The Medium and Long-term Talent Development Plan (2010–2020), the first ever national-level talent cultivation plan, was issued by the Communist Party of China (CPC) and the State Council earlier this month (6 June).

China hopes to develop six major categories of talent — including one for high-tech researchers — with the ultimate aim of transforming itself from a labour-rich country to a ‘talent-intensive’ one. 

The plan includes a key goal of increasing the ratio of researchers from 25 per 10,000 in 2008 to 43 in 2020. By 2020, the ambition is to have 3.8 million researchers — and 40,000 high-level scientists leading innovation.

Attracting foreign talent into China will be another focus, through attractive packages including government awards for those who move to the country.

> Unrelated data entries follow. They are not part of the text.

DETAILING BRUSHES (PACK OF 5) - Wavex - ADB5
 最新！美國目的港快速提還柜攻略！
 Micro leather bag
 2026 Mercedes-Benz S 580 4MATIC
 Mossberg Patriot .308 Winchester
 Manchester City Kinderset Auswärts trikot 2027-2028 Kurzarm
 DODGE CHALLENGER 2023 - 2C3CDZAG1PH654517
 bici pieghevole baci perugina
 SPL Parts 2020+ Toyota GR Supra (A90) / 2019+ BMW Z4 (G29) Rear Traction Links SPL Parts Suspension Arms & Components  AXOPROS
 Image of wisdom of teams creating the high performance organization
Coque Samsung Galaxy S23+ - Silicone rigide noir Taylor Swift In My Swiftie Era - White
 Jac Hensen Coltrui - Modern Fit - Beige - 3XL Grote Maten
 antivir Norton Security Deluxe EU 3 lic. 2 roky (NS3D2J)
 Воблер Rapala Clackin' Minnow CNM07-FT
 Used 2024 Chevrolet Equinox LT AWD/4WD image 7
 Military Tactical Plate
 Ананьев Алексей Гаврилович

The existing One Thousand Talents scheme — initiated in late 2008 with the aim of attracting 1,000 overseas top specialists in key technologies and new research areas — has been incorporated into the plan.

China is setting up 12 projects, which it hopes will be the vehicles for achieving the 2020 goals. Other tools will include dispersing college graduates into rural areas to aid local development of science.

And there will be elite studios in which outstanding scientists will work together to solve research problems, as well as 300 innovation ‘talent bases’ — pilot programmes in the fostering of talent, to be run by universities and research institutes.

Rao Yi, a Chinese biologist with Peking University, and formerly of Northwestern University in the United States, welcomed the plan.

"The guidelines are good, but specific measures should be taken to prevent quick success and instant benefit," he told SciDev.Net.

Compared with quantity, the quality of talent is a bigger issue for China, said Liu Yun, a professor of science policy with Beijing Institute of Technology. The total number of talents in China may be increasing year by year, but it is still severely short of high-level talents compared with developed countries, he said.  

In essence, developing talent requires setting up the right social environment, he said. Therefore a project such as this, a common practice in China, cannot guarantee a long-term return, Liu told SciDev.Net.